→ Your assignment:
Using the listing below, retype exactly the lines starting at the one with "Big Citi Loops Chasing The Paper [WAV]" and ending at the one with "Dennerle Echinodorus Ocelot", and include both.

→ Material for this exercise:

········

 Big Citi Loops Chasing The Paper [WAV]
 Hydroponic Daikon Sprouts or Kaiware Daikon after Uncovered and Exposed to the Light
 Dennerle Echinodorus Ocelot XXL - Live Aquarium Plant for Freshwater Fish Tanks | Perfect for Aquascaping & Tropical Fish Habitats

········

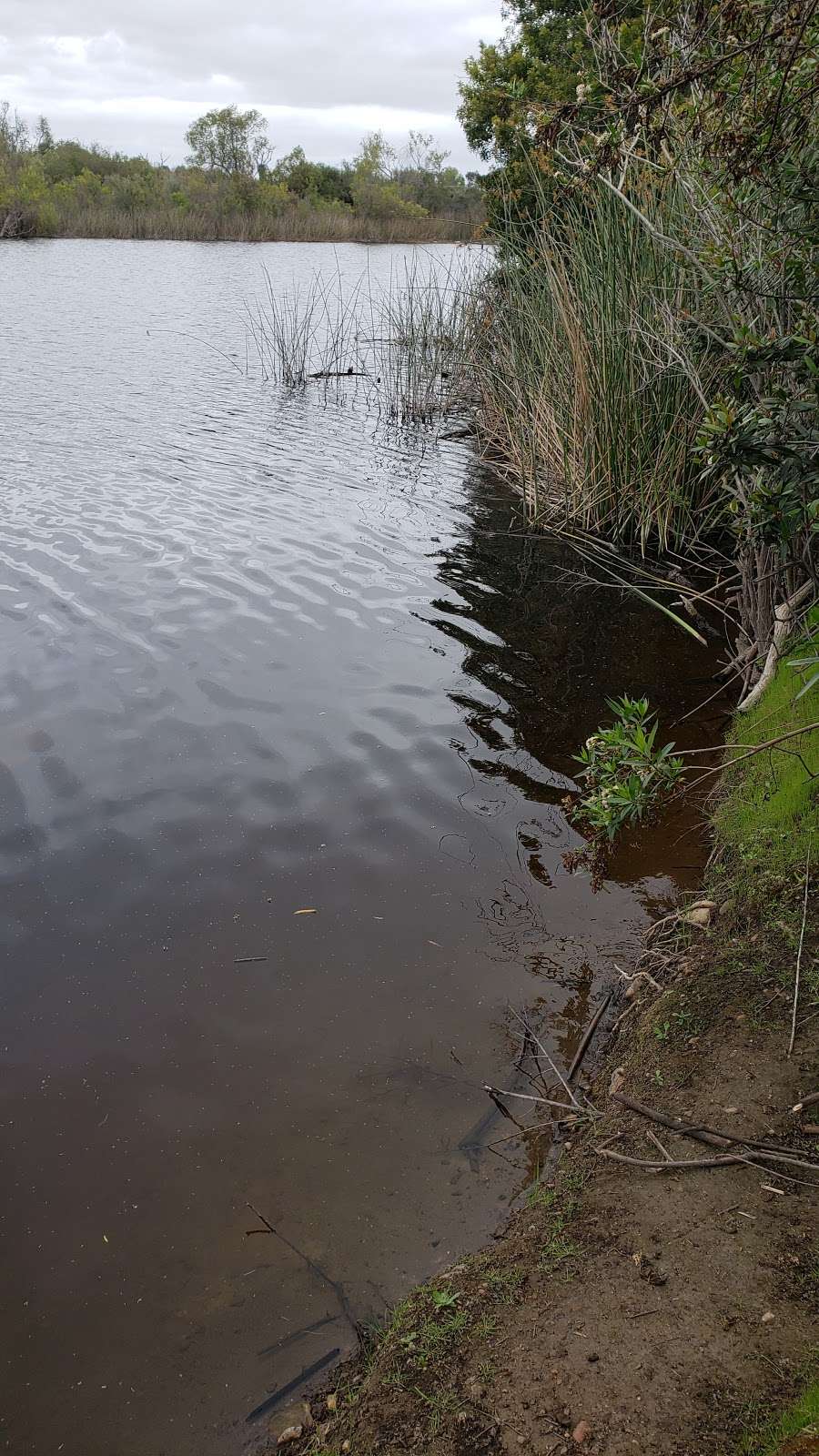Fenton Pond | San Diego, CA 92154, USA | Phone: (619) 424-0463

········

→ Output of the exercise:
 Big Citi Loops Chasing The Paper [WAV]
 Hydroponic Daikon Sprouts or Kaiware Daikon after Uncovered and Exposed to the Light
 Dennerle Echinodorus Ocelot XXL - Live Aquarium Plant for Freshwater Fish Tanks | Perfect for Aquascaping & Tropical Fish Habitats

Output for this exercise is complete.